Les Emirats arabes unis cherchent à nuire au Qatar. Rien de bien neuf quand on connaît l’inimitié qu’entretiennent ces deux rivaux de la péninsule arabique, voisins directs du géant saoudien. Mais voilà qu’une agence d’intelligence économique établie à Genève, Alp Services, dirigée par Mario Brero, surnommé le «roi des détectives», a travaillé pour les Emiratis, en échange, semble-t-il, de 5 millions de francs,
C’est là que des journalistes suisses et français auraient sans le savoir servi de courroies de transmission à ce jeu d’influence chapeauté par les services secrets d'Abu Dhabi. C’est ce que révèlent la RTS et Heidi.News en Suisse, Mediapart en France, des médias appartenant au consortium European Investigative Collaborations (EIC). Auparavant, l’hebdomadaire américain The New Yorker avait consacré un long article au même sujet.
Talon d’Achille du Qatar: ses liens avérés avec la confrérie des Frères musulmans, mouvement islamiste bien connu, dont le fondateur en 1928 n’est autre que le grand-père maternel des frères Hani et Tariq Ramadan, l’Egyptien Hassan al-Banna. Le guide spirituel de ces derniers, Youssef al-Qaradâwî, de nationalité égyptienne également, décédé en 2022, y avait trouvé refuge.
Ses prêches diffusés sur la Toile rencontraient un vif succès dans les diasporas sunnites. Certains d’entre eux, à connotation antisémite ou légitimant la violence à l'encontre des femmes, avaient fait scandale. Ce sont les relations sulfureuses du Qatar avec les Frères musulmans que les Emiratis, eux-mêmes tout sauf des démocrates modèles, entendaient mettre à profit.
Selon le site de la RTS, «Alp Services a compilé plus de 1000 noms, des adresses et parfois même des numéros de téléphone portable de personnes vivant en Suisse, en France, en Belgique, en Angleterre, aux Pays-Bas, en Italie, en Allemagne et en Autriche», des données ensuite livrées aux services secrets d’Abu Dhabi.
Les opérations auraient commencé en 2017, d’abord sous le nom de code «Arnica». En Suisse, elles ont entre autres visé Tariq Ramadan, l’écologiste vaudois Pascal Gemperli, secrétaire général de l’Union vaudoise des associations musulmanes (UVAM), l’activiste islamiste biennois Nicolas Blancho, un avocat présenté comme le défenseur en Suisse des Frères musulmans, ainsi qu’un homme d’affaires établi au Tessin, Hazim Nada, jetant le doute sur son entreprise, Lord Energy, qui a fait faillite.
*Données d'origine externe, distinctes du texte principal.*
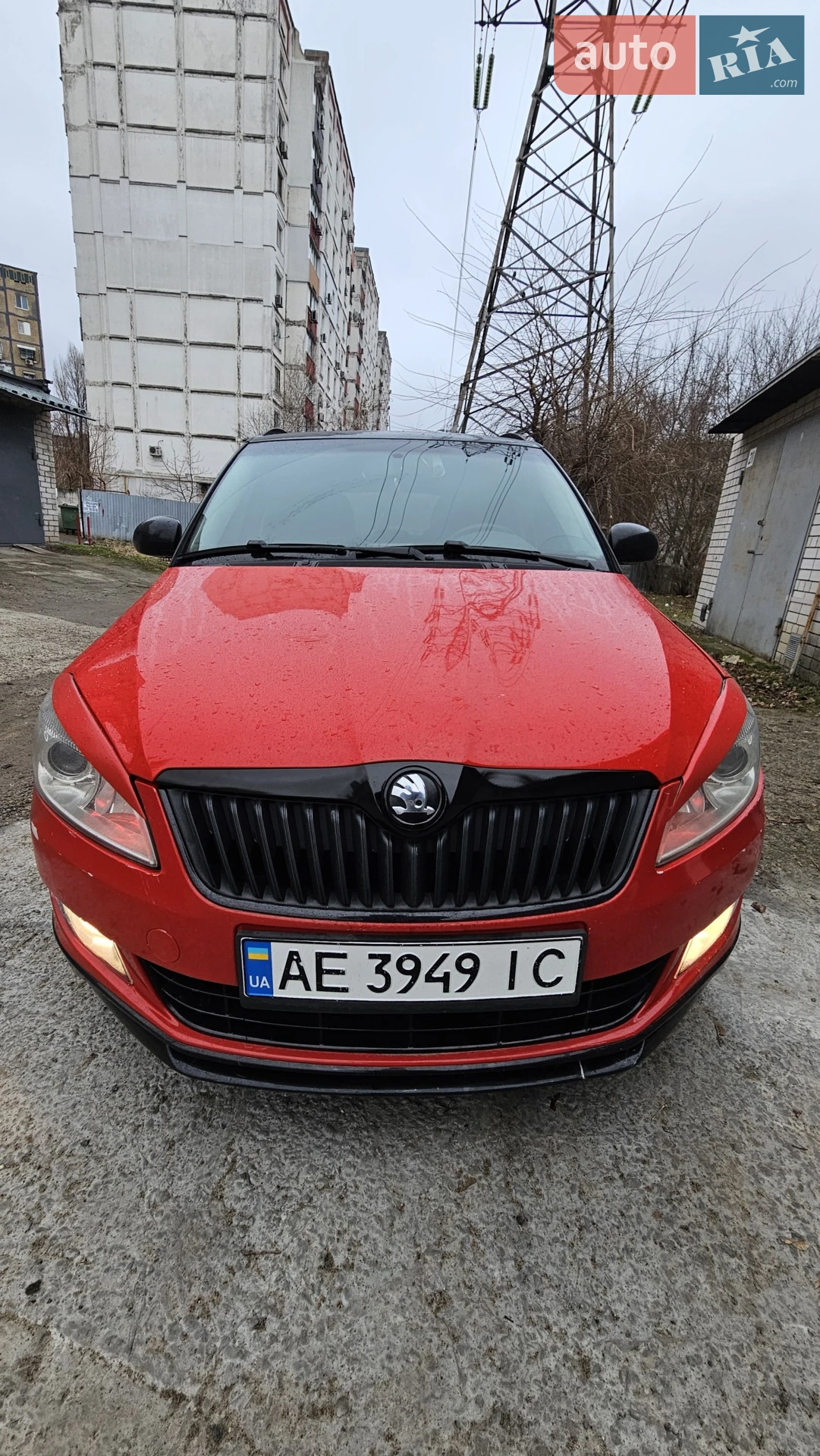 2012 Skoda Fabia - мініатюра 11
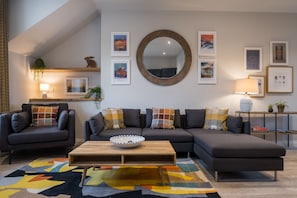 Cottage | Living room - Howe Keld 4 First Floor (Keswick)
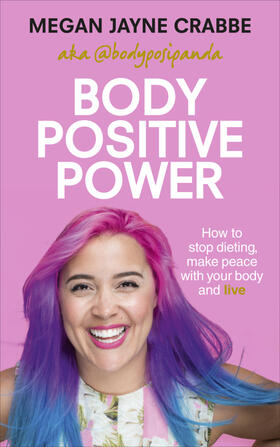 Crabbe |  Body Positive Power | Buch |  Sack Fachmedien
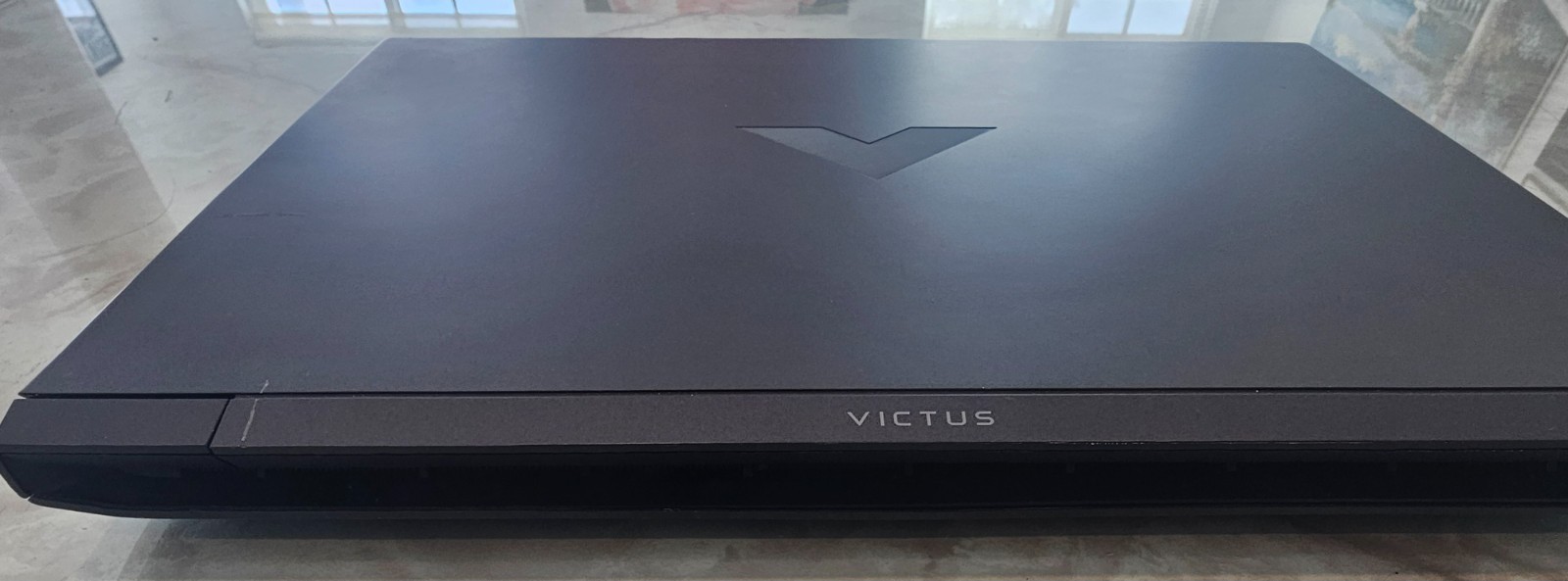 HP Victus 15-fb1013dx 15.6″ Ryzen 5 NO RAM / NO SSD “SOLD AS IS”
C’est à la suite d’une fuite de données que le consortium de médias précité s'est emparé du dossier. Il apparaît que des journalistes suisses et français étaient en relation avec Alp Services, comme on peut l’être dans la presse avec des sources d’informations, en vue de la rédaction et publication d’articles, ce qui fut fait. L’un des journalistes, un Suisse alémanique, a cependant rédigé «entre 2018 et 2020 huit rapports pour Alp Services contre rémunération. Ils concernaient des islamistes et des présumés terroristes», précise le journaliste à la RTS.
Un journaliste romand a également obtenu des informations d’Alp Services. Il s’en est servi pour écrire des articles, comme l’escomptait l’agence de détectives genevoise agissant pour son client émirati. Ce journaliste se défend d’avoir perçu une quelconque rémunération et affirme n’avoir rien su du «deal» entre son informateur et les services secrets d’Abu Dhabi.
En France, un journaliste du Point, un autre d’Europe 1, auparavant à Valeurs Actuelles, ont également bénéficié de «tuyaux» fournis par Alp Services.
L'ironie dans l'affaire, c'est que les locaux d'Alp Services, situés dans le quartier des Eaux-Vives, sont voisins du Centre islamique de Genève dirigé par Hani Ramadan et fondé par son père Saïd, le gendre de Hassan al-Banna.